- Instructions to follow
Leaving the images aside, transcribe all the data below exactly.

=== Information provided ===

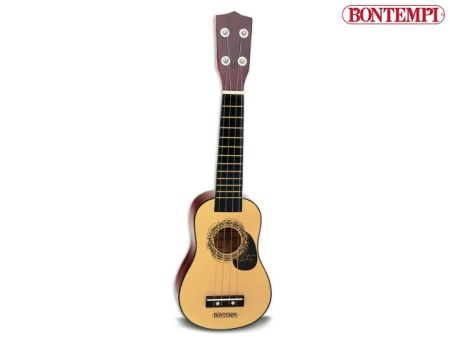 Bontempi Dřevěné ukulele se 4 strunami 52,5 x 16,9 x 6,4 cm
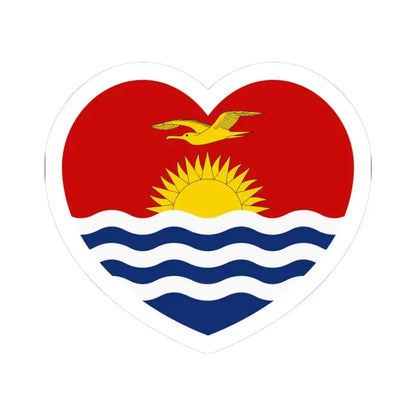 Heart Flag of Kiribati - STICKER Vinyl Kiss-Cut Decal 3 Inch White - The Sticker Space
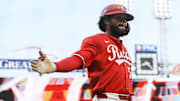 May 17, 2025; Cincinnati, Ohio, USA; Cincinnati Reds outfielder Rece Hinds (57) reacts after hitting a solo home run in the seventh inning against the Cleveland Guardians at Great American Ball Park. Mandatory Credit: Katie Stratman-Imagn Images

===

- Answer section
 Bontempi Dřevěné ukulele se 4 strunami 52,5 x 16,9 x 6,4 cm
 Heart Flag of Kiribati - STICKER Vinyl Kiss-Cut Decal 3 Inch White - The Sticker Space
 May 17, 2025; Cincinnati, Ohio, USA; Cincinnati Reds outfielder Rece Hinds (57) reacts after hitting a solo home run in the seventh inning against the Cleveland Guardians at Great American Ball Park. Mandatory Credit: Katie Stratman-Imagn Images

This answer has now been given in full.